The State University of New York at Buffalo is a university that was founded by Millard Fillmore in Buffalo, New York, in 1846. It is variously known as UB, the University at Buffalo, and to older alumni, the University of Buffalo.

1846-1900

The University of Buffalo was incorporated by an act of the New York State Legislature on May 11, 1846.

Originally chartered to establish "academic, theological, legal and medical departments," it developed initially as a medical school with Millard Fillmore as its first chancellor. The school began operations in a leased building at the corner of Seneca and Washington Streets on February 25, 1847, with 72 students and a faculty of seven physicians.

UB constructed its first building, a two and one-half story brownstone structure, at Main and Virginia Streets in 1849. At the dedication, Fillmore called for the university to fulfill its original promise and to establish academic branches and a department of law.

Expansion in the spirit Fillmore envisioned eventually gained impetus in the late 1880s and early 1890s, under the chancellorship of E. Carlton Sprague. The School of Pharmacy was organized as the second division of the university in 1886. An independently established Law School, begun in 1887, was incorporated into the university in 1891, and in 1892 the School of Dentistry was opened. In 1893, the medical school moved to a building on High Street.

1900-1920

Attorney Charles P. Norton, a native Buffalonian who helped found the law school, became UB's acting chancellor in 1905 and chancellor in 1908. During Norton's tenure, UB bought the 150-acre Buffalo Plains site on north Main Street, later to become the university's home.
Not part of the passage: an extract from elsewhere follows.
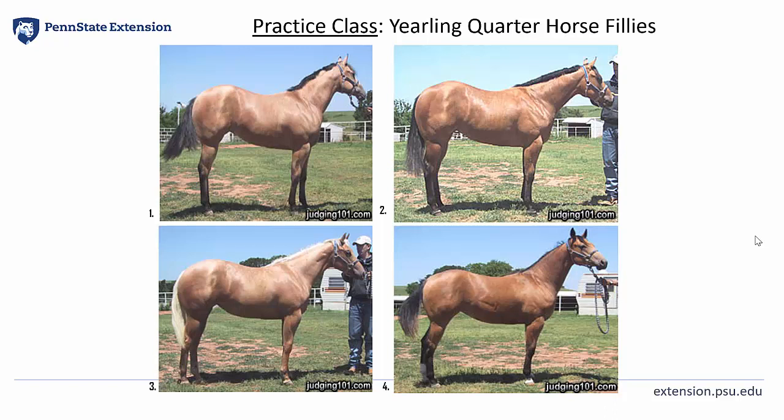Now moving into a grant statement — grant 3, the second place horse. I realized that the palomino was more nearly level. But I fault and place her second as she was weak backed.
Norton bequeathed his entire estate to the university, providing funds for a student-union building and for the endowment of UB's highest award, the Chancellor's Medal, presented annually since 1925 to an outstanding citizen of Buffalo.

The university's first liberal-arts curriculum was developed when the American Medical Association required at least one preliminary year of liberal-arts work as part of physician education. The courses were instituted in 1913 and were awarded departmental status in 1915.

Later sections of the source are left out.